House Acts To Restore Per Se Rule Against Resale Price Maintenance Overruling Recent Supreme Court Decision

On Tuesday, July 30, 2009, the House Judiciary Courts and Competition Policy Subcommittee approved the Discount Pricing Consumer Protection Act of 2009 (HR 3190). The bill would make all resale price maintenance agreements per se illegal under the Sherman Act, thus overruling the Supreme Court’s decision in Leegin Creative Leather Products v. PSKS, Inc., 127 S.Ct. 2705 (2007).

In Leegin, the Supreme Court held that manufacturers may have very good, pro-competitive reasons for establishing minimum resale prices for their goods. For example, minimum resale prices encourage retailers to invest in advertising and promotion, prevent “free-riding” retailers from undermining the marketing efforts of others, and promote interbrand competition, which, the Supreme Court pointed out, is the purpose of the antitrust laws. Given the benefits of resale price maintenance, the Supreme Court held that such agreements are not per se illegal. Rather, such agreements are unlawful only if they constitute unreasonable restraints of trade under the Rule of Reason (a familiar test in antitrust law).

As a result of the Leegin decision, many manufacturers have changed their distribution policies, and some have adopted resale price maintenance agreements which allow them to more effectively market their products and compete against other brands.

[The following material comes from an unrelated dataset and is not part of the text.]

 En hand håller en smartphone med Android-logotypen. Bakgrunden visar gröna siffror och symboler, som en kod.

The Discount Pricing Consumer Protection Act, however, would return antitrust law to the days when all such agreements were per se illegal, regardless of their procompetitive benefits. The bill provides: “Any agreement setting a price below which a product or service cannot be sold by a retailer, wholesaler, or distributor shall violate section 1 of the Sherman Act (15 U.S.C. 1).” Those twenty-eight words, if enacted into law, would overrule the Supreme Court’s decision in Leegin and the economic literature upon which the Leegin Court relied. Next the bill will be considered by the full Judiciary Committee, which is headed by Rep. John Conyers (D-MI). Although many bills die in committee, this bill is more likely to be considered because Rep. Conyers is a co-sponsor of the bill.

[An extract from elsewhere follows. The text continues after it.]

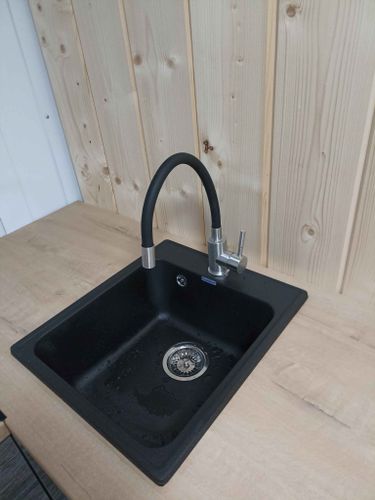 Установлена кухонная мойка с черной раковиной и смесителем на столешницу из древесно-стружечной плиты. Завершена подводка коммуникаций, обеспечена герметичность соединений.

The Senate is considering its own version of the Discount Pricing Consumer Protection Act. S.B. 148. The Senate bill is sponsored by Senator Herb Kohl (D-WI) whose family founded the eponymous retail department store chain. The Senate bill is also likely to receive committee attention because Senator Kohl is the Chairman of the Antitrust, Competition Policy and Consumer Rights Subcommittee.

Constructive Termination Actionable Under New Jersey Franchise Practices Act

The New Jersey Appellate Division has ruled that constructive termination is actionable under the New Jersey Franchise Practices Act. See Maintainco, Inc. v. Mitsubishi Caterpillar Forklift America, Inc., 975 A.2d 510 (N.J. App. 2009).

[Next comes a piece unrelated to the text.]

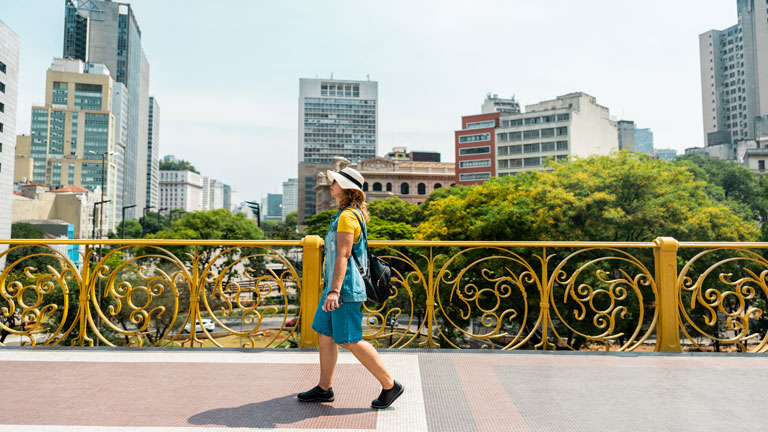 Woman walking along Viaduto do Cha with the city in the background.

The Act prohibits a franchisor from "terminating" a francisee without "good cause" and also prohibits the franchisor from imposing "unreasonable standards of performance" on a franchisee. The court held that "termination" also includes the common-law concept of "constructive termination."

The court explained that "rather than directly and unambiguously terminating the plaintiff, [defendant] engaged in a course of conduct geared to forcing out the plaintiff." For example, the defendant expressed its desire to be rid of plaintiff, appointed a second dealer in plaintiff's territory, and gave the second dealer favorable terms and conditions, in the hopes that plaintiff's business would be destroyed. The court held that this constiuted a "constructive termination" of plaintiff's franchise without good cause. The court also held that plaintiff did not have to resign or actually be driven out of business before filing a claim under the NJFPA. It was enough that defendant attempted to constructively terminate plaintiff and that the scheme would have succeeded but for the plaintiff's lawsuit.